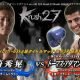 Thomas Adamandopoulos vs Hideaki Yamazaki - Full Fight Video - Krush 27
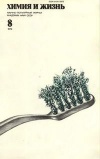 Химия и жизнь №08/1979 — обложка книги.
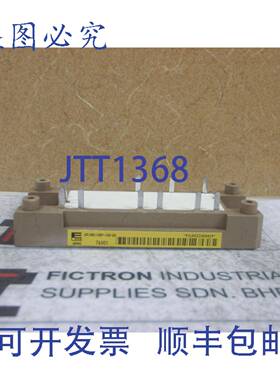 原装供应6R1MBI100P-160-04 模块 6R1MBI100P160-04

....

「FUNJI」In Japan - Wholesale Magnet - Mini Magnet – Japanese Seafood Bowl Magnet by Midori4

....

Text only, no pictures: please print exactly the lines above from the line with "Thomas Adamandopoulos vs" up to and including the line with "原装供应6R1MBI100P-160-04 模块 6R1MBI100P160-04", and nothing else.

» Written answer:
 Thomas Adamandopoulos vs Hideaki Yamazaki - Full Fight Video - Krush 27
 Химия и жизнь №08/1979 — обложка книги.
 原装供应6R1MBI100P-160-04 模块 6R1MBI100P160-04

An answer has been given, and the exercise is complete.